Ismaïl Bahri : Aviator | Detail se dilate (exhibition)

25 April 2014

© Copyright 2014 Eric Degoutte.

At a moment when words are let loose and daring, and a thread of thoughts is thrown- still inhabited as we go by the already initiated process of Dénouement, lingering on by the slow unravelling of the sights yielded by Film, where in fact we should be closer now to Ismail Bahri’s poise in “filming the seing”, and that we should also be writing…there surge out, well intertwined, both figures of Small Prince and of Rimbaud.

It could have been otherwise. Perhaps. Delicious resonances would have come along with streaks of light like a “kaleidoscope of darkness” perceived from the bed of the writer, in his countryside, at Cambray. Could be elsewhere. In that “ flicker of the epiphanies of the mind” that would allow an approach in beauty and rightness, Percées.
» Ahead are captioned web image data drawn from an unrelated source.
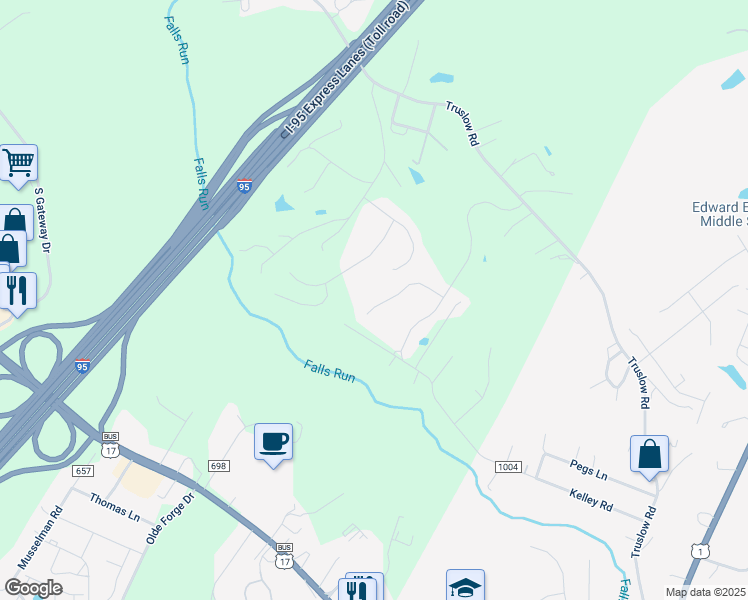 map of restaurants, bars, coffee shops, grocery stores, and more near 126 Harper Lane in Fredericksburg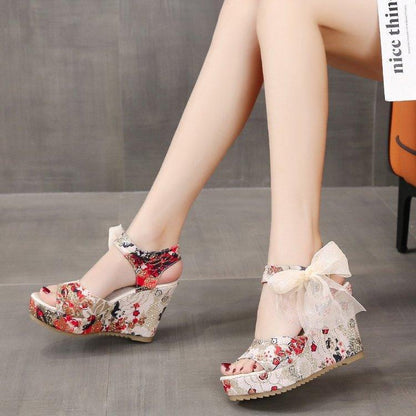 Floral Print Peep Toe Wedge Sandals - Wedge Shoes - LeStyleParfait Kenya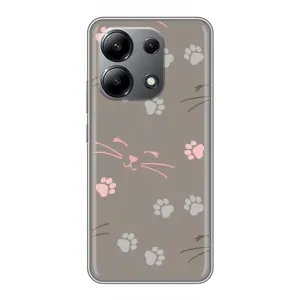 Чехол с рисунком кот на Xiaomi Redmi Note 13 (4G) (Лапы и усы)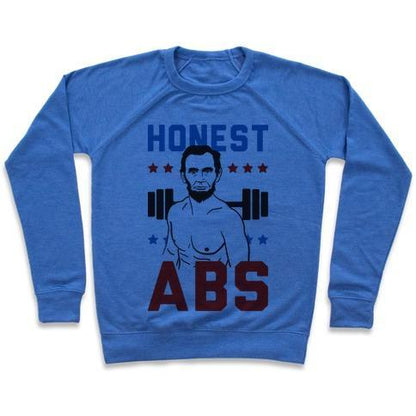 Virgin Teez  Pullover Crewneck Sweatshirt / x-small / Heathered Blue HONEST ABS CREWNECK SWEATSHIRT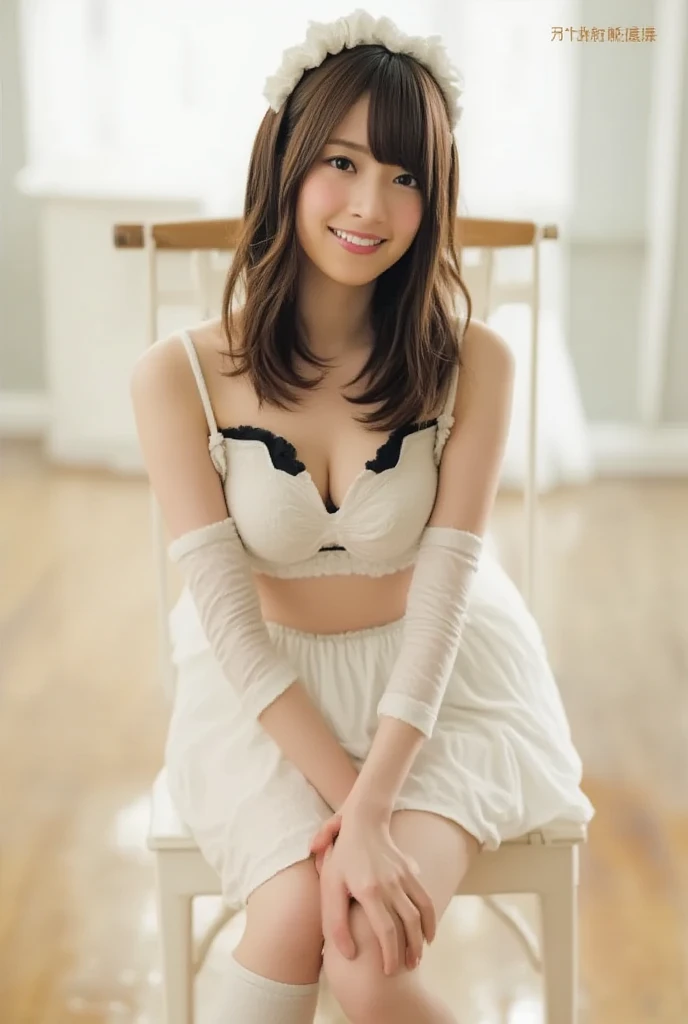 (best quality:2), (masterpiece:2), very detailed, high resolution, 8k, (professional lighting:0.9), cute Japanese woman, cute 24 year old beauty, slim body, (slightly saggy busty breasts), thin lips, detailed face, Beautiful and elegant face, cute face, natural bangs, arched eyebrows, well-groomed eyebrows, (big eyes with a good balance between the left and right sides), cute eyes, beautiful eyes, beautiful thin nose, beautiful face line, (beautiful skin), medium hair, medium length hair, (natural bangs), Brunette hair, slim face, slim figure, (Looking at the camera with gentle expression), beautiful legs, smooth skin, slim and beautiful thighs, cute and sexy slim 24 year old woman, fair skin, Beautiful breasts, (Slender and slim body:1.5), (Slim waist), (slim hips), ((slim Butt)), Detailed fingers, beautiful hands, (The best lighting), (Black Hair), ((Beautiful Cleavage)), (Round face:1.4), (plump face:1.4), gentle smile, ((underboob)), sexy panties with lace, Sexy bra with lace, Knitted,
Capturing in an instant the porosity of space and the intertwining of matter; where stone melts up in sound. In a single time. In the liminal ordeals, particularly the crossing of phenomenological borders, along the routes of consummate perceptions, and within moments of a singular bet on a possible reordering of things, even though incommensurable; and of an intelligible endorsed by sense.

“Scratches of light”, or else small “breeches, real or fictional” of which Ismail Bahri spoke, would have been among other deaf presences, states perceived, or things seen. In the realm of attempts of restitution, and of whirling and playfully interlocking words. A criss-cross of lace threads laid out in a phrastic expanse run on headlong, then stop in utter fixedness, like an echo along what has been produced and wrought in Latences.

A breath, a shot, wind caught in the branches of an acacia tree. No…Small Prince rather. Himself as he appears in this fragment, and in between the crossing outs:

-This one is too old. I want a sheep that will live a long time.” By this time my patience was exhausted, because I was in a hurry to start taking my engine apart. So I tossed off this drawing. And I threw out an explanation with it.

“This is only his box. The sheep you asked for is inside.”

I was very surprised to see a light break over the face of my young judge:

“That is exactly the way I wanted it! Do you think that this sheep will have to have a great deal of grass?”

In the gaze of Small Prince, in that singular illumination which arouses your desire and invites you to also engage in this search for an on-going seeing, there seems to be a beautiful projection to be made onto Ismail Bahri’s work.

The box drawn by the aviator, which now has become a seeing machine, unveils nothing while allowing everything. It seems to incorporate the attitude and the gaze of Small Prince. He too has now been transformed into a seeing machine, he too is at the threshold of the off lens image that Ismail Bahri peeps into as in a screening room plunged in darkness. This box outgrows its limits, its field, and yields opportunities to give in to thought, to see, upon the completion of a beautiful press.